What you should do: Take nothing but the lines from the one with "スズキ エスクード 静岡県" through the one with "2023 GMC Acadia SLT" in the entries below, both ends kept, and return them exactly with pictures left out.

Recorded data:
= = = = =

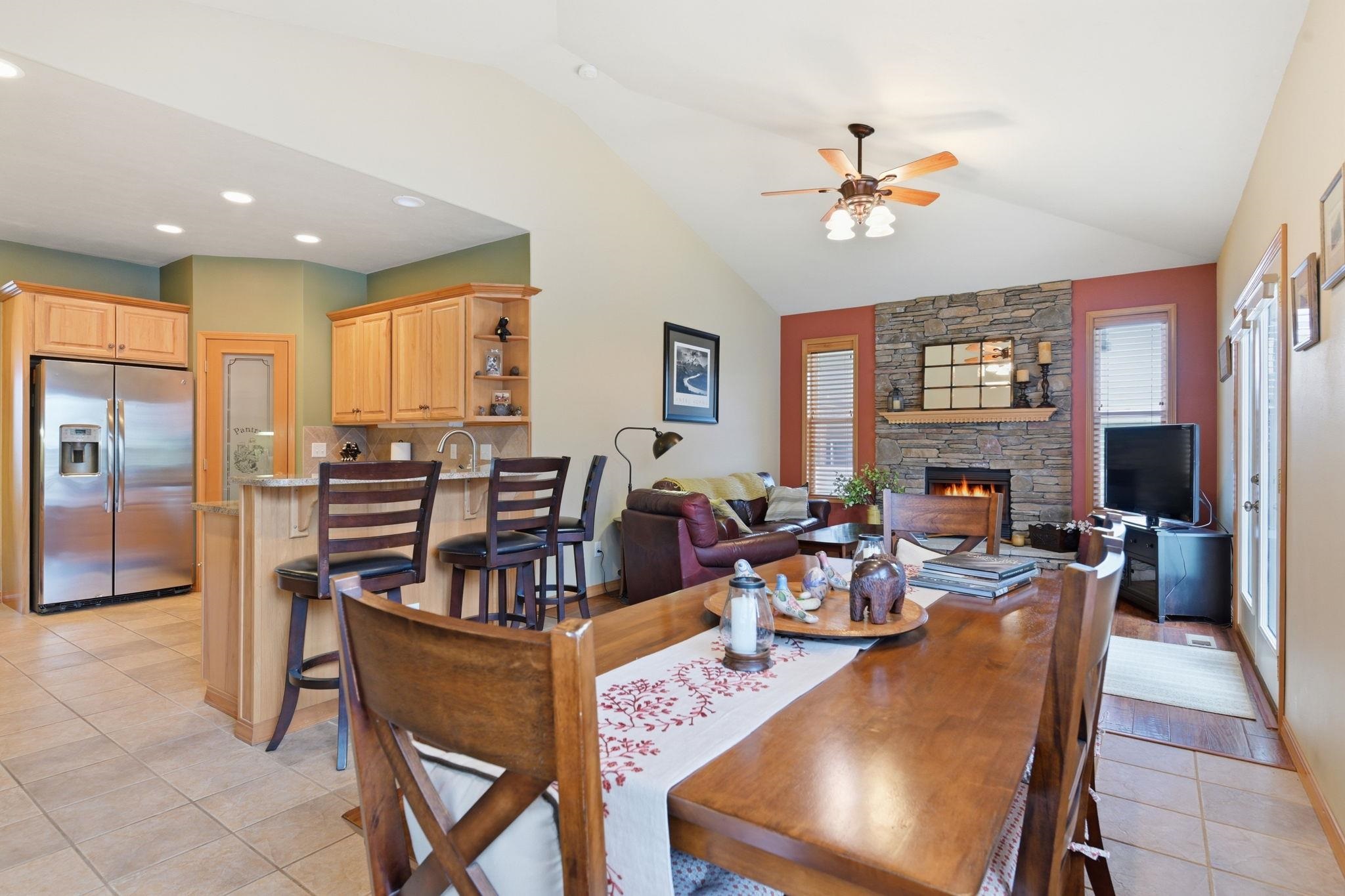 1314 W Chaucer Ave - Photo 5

= = = = =

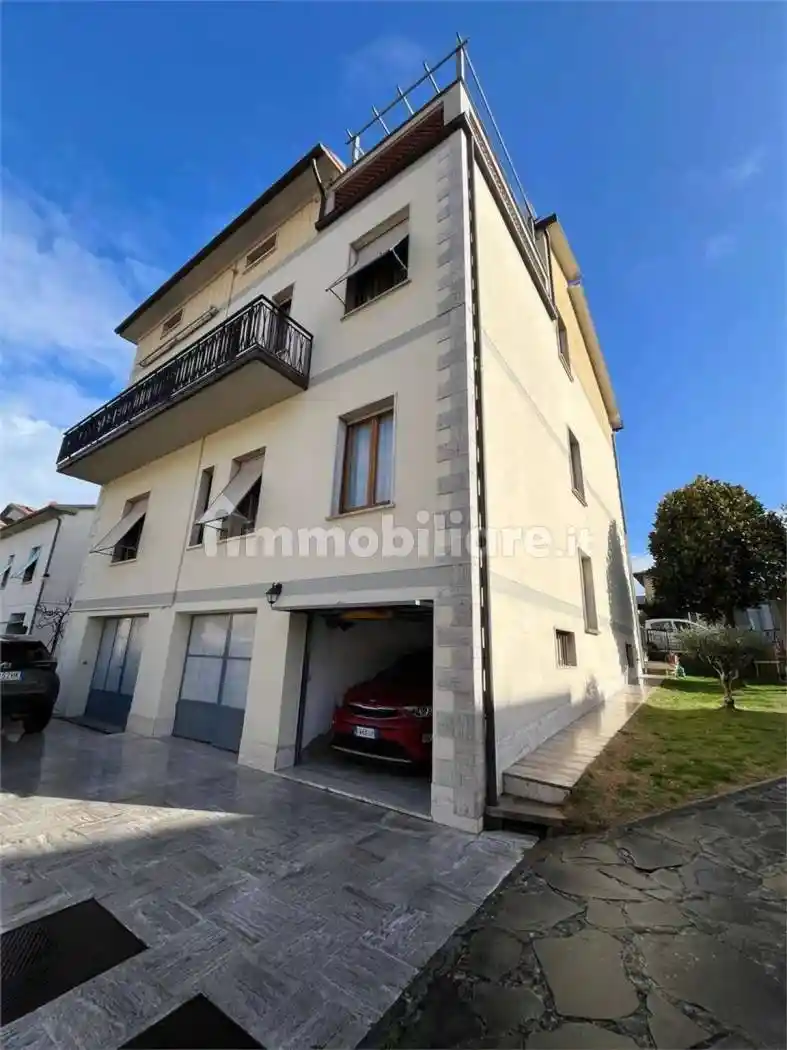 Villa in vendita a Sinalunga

= = = = =

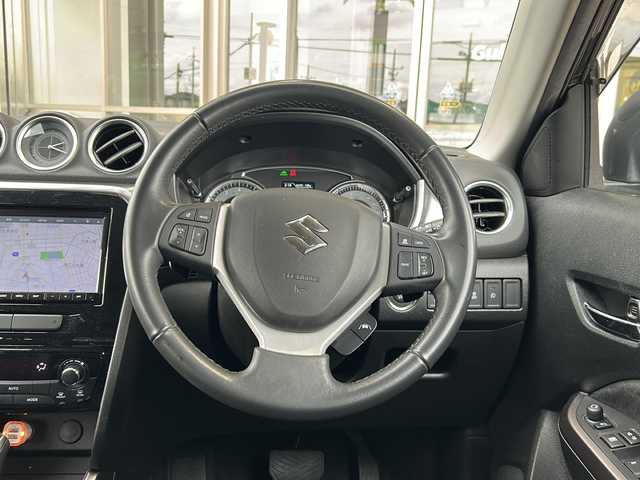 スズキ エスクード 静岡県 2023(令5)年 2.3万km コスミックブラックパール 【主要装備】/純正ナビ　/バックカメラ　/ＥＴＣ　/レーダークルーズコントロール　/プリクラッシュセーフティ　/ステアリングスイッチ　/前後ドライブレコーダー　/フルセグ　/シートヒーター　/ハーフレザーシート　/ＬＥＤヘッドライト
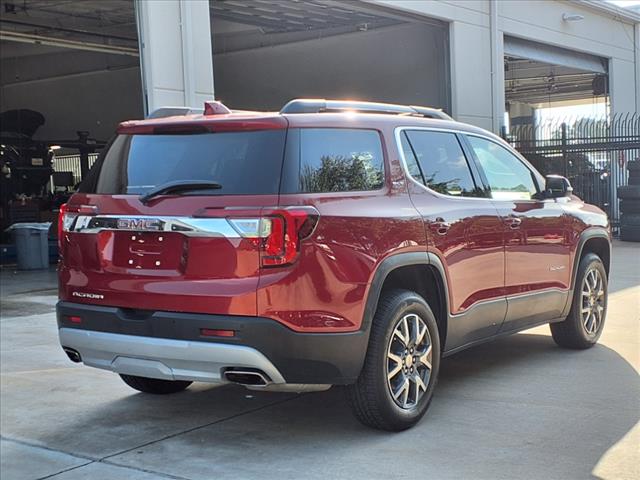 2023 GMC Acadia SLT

= = = = =

Result of the exercise:
 スズキ エスクード 静岡県 2023(令5)年 2.3万km コスミックブラックパール 【主要装備】/純正ナビ　/バックカメラ　/ＥＴＣ　/レーダークルーズコントロール　/プリクラッシュセーフティ　/ステアリングスイッチ　/前後ドライブレコーダー　/フルセグ　/シートヒーター　/ハーフレザーシート　/ＬＥＤヘッドライト
 2023 GMC Acadia SLT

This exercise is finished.